Why Leia was going to Tatooine (Score:3, Interesting)
But then this raises the question of how Princess Leia knows who Obi-Wan Kenobi is, or how she knows that he is located on Tatooine. The end of Episode III tells us that Bail Organa knows this information, and so we need to conclude that he told his daughter. But this raises a startling additional point: Organa also knew that Luke Skywalker was in residence on Tatooine. It coule be that Organa has decided, now that Luke will also be of age, to call in Obi-Wan and Luke to assist the Rebellion. Since none of this is given in the narrative, it isn't very likely that this is Lucas's intent. It is perhaps more likely that Leia has a letter from her dad on the ship that says "Open in case of being marooned on Tatooine - it happens more often than you might think." Or maybe she had an emergency call back home and said "I've blown a tire near Tatooine, who can help me nearby?" Nevertheless, it is interesting to speculate about the possible motives for sending Leia to Obi-Wan at this point in the history of the Rebellion.
Re:That's no trilogy... (Score:3, Interesting)
Re:Is it serious or a joke? (Score:2, Interesting)
Authorial intent is unknowable.
On the first point: how can anyone (excepting, of course, the author) KNOW (in the savoir sense, not the connaitre sense) what the author's intent really was? And once you've rationalized that, I invite you to explain the effect that the editor and (in some cases) translator have on it. The book that you see on the shelf is NEVER the exact words that the author wrote. It's not possible. On top of that, how do you then account for translations? Is One Hundred Years of Solitude in the original Spanish be the exact same text as One Hundred Years of Solitude in English? No, it can't be. Living languages do not directly map to each other - just run a random document through Babelfish if you want proof. Therefore, the translator has just as much stake in "authorial intent" as the original author, seeing as he becomes the arbiter of idomatic speech and nuance.
But wait, there's more:
Reading is an active, not passive, activity. When you read you are, in effect, translating. While language does frame our thought patterns, pure thought is far more expansive that words (Kant calls it the notion of the Sublime). Therefore, when reading you are actively translating the words on the page into the larger meta-language of your own personal experience. So you too are doing your part to obscure authorial intent just be reading. Fun little paradox, no?

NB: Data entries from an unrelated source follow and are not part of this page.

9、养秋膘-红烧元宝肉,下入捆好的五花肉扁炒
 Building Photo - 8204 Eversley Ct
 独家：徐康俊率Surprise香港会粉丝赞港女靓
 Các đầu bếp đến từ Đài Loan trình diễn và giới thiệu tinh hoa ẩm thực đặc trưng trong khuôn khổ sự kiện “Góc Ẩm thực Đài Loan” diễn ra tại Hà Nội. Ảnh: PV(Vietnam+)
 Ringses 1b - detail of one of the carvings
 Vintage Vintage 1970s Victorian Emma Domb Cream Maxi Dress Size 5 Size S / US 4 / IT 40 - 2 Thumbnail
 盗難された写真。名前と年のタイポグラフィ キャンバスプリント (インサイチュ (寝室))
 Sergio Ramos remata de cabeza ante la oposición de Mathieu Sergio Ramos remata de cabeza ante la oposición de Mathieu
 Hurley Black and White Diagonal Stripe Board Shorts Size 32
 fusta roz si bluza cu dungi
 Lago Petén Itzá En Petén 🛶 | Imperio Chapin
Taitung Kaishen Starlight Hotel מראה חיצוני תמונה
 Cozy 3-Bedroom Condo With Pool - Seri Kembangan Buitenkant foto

Ergo, authorial intent is a sham.
And since it's a sham, why not play games with the text and see what turns up? There are any number of equally valid "truths" contained within a text depending on which way you choose to look at it. The value of PoMo criticism is in exposing yourself to alternate interpretations and viewpoints - you know, broadening your horizons. You don't have to agree with them, but an interesting argument you don't believe in can be one of the best ways to uncover what you really do believe.
*whew*
That said, anyone who attempts to sell ANY piece of literary criticism as "capital T" Truth is full of crap.
End of rant.
Re:I stopped reading... (Score:3, Interesting)
That was her friggin mission for crying out loud. She knew exactly where the ship was and Leia probably instructed the captain to come out of light speed as close to the planet as possible in order to facilitate the escape of the droid she gave the plans to. Hell she probably gave R2 the information he needed to put the escape pod down in the correct region of the planet to find Obi Wan.
The moment the author of this piece said "What are the odds" I wrote him off completely. Yes there were coincidences that the story relied upon. This wasn't one of them.
He's not knowledgable enough about the subject matter to speak (or rather "write") intelligently about it.